Moins de trois ans après son entrée dans la vie politique, un an après la création de son parti, le voilà élu au sommet de l’État à seulement 39 ans ! La France et ses outre-mer a vécu un tsunami politique que personne n’avait vu venir quand, il y a encore quelques mois, elle se demandait encore quel vieux routier de la politique allait la gouverner pour les cinq prochaines années.
Voilà maintenant que les législatives approchent (3 et 17 juin au fenua) et déjà le parti du président annonce que 50% des candidats investis seront issus de la société "civile", le reste comme dans bien des partis le seront de la société "si vile".

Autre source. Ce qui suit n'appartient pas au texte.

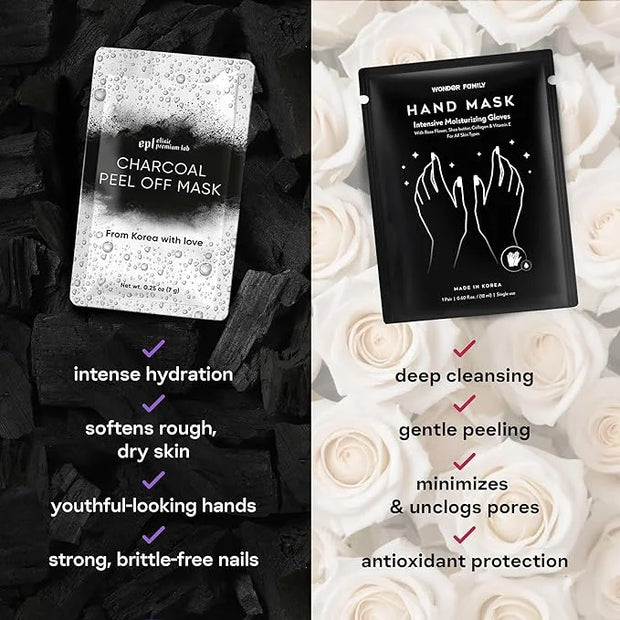 Hand Mask & Activated Charcoal Face Mask Skin Care Kit - Korean Skin Care Products Bundle for Face Skin Care & Dry Hands -...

Et en Polynésie, faut-il attendre un effet miroir ? La vague de renouveau, de jeunisme a-t-elle atteint les grands partis ? Il faut malheureusement croire que non ! Le renouvellement de notre classe politique est plutôt lent, seuls quelques jeunes déjà bien endoctrinés émergent de temps en temps. Certes, ces législatives, pour lesquelles seuls trois strapontins au Palais Bourbon sont disponibles, ne sont pas propices à un renouvellement, ni même les sénatoriales et les deux sièges qu’elles offrent.

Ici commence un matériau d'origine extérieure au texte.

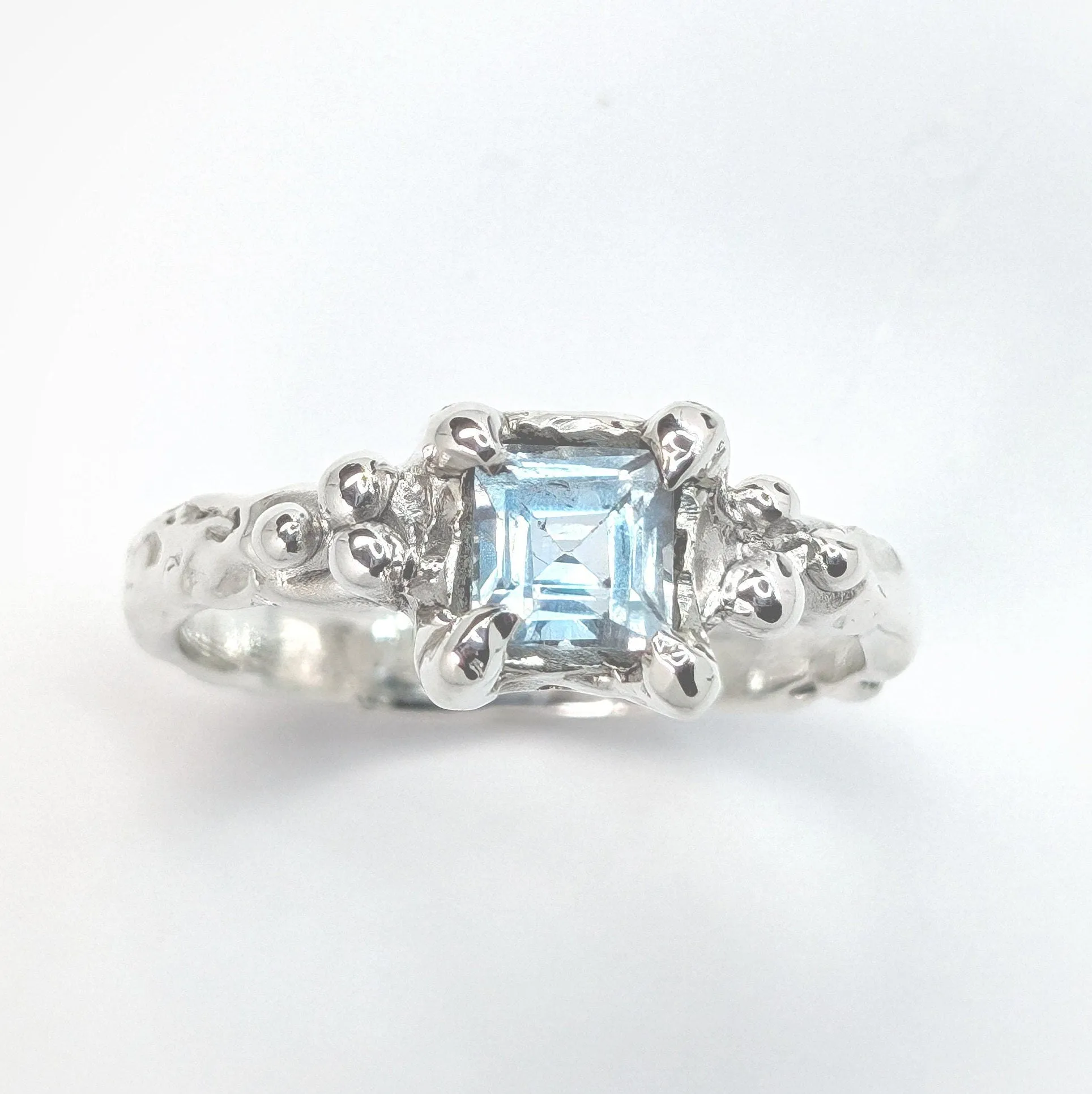 Blue Topaz engagement ring in Solid Sterling Silver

Mais combien de nouvelles têtes verrons-nous à Tarahoi en 2018 après les élections territoriales ? Ici, on s’accroche au pouvoir, on reste persuadé que seule l’"expérience" est un atout. Mais de quelle expérience, de quels acquis parle-t-on ? Je ne crois pas avoir lu sur les CV de nos responsables beaucoup de diplômés des grandes écoles de la République. Il n’y a donc que l’expérience du terrain qui prime localement. Ce pays a besoin d’hommes et de femmes à l’image de l’ancien maire de Mahina, Patrice Jamet, pourtant raillé par ses opposants pour son manque d’expérience quand il s’était présenté pour la toute première fois ; ce qui n'a pas empêché la population de lui accorder sa confiance. Il semble cependant que ce soit une exception. L’électeur polynésien ne peut être comparé au métropolitain, les critères de choix ne sont pas les mêmes. Faut-il pour cela rappeler les réélections d’hommes politiques pourtant condamnés par la justice pour détournements de fonds ? Nous sommes bien loin du casier judiciaire vierge réclamé pour être un candidat de La République En Marche. On n’ose l’imaginer ici, le renouveau se ferait pourtant bien plus automatiquement.
Bonne lecture et merci de votre fidélité.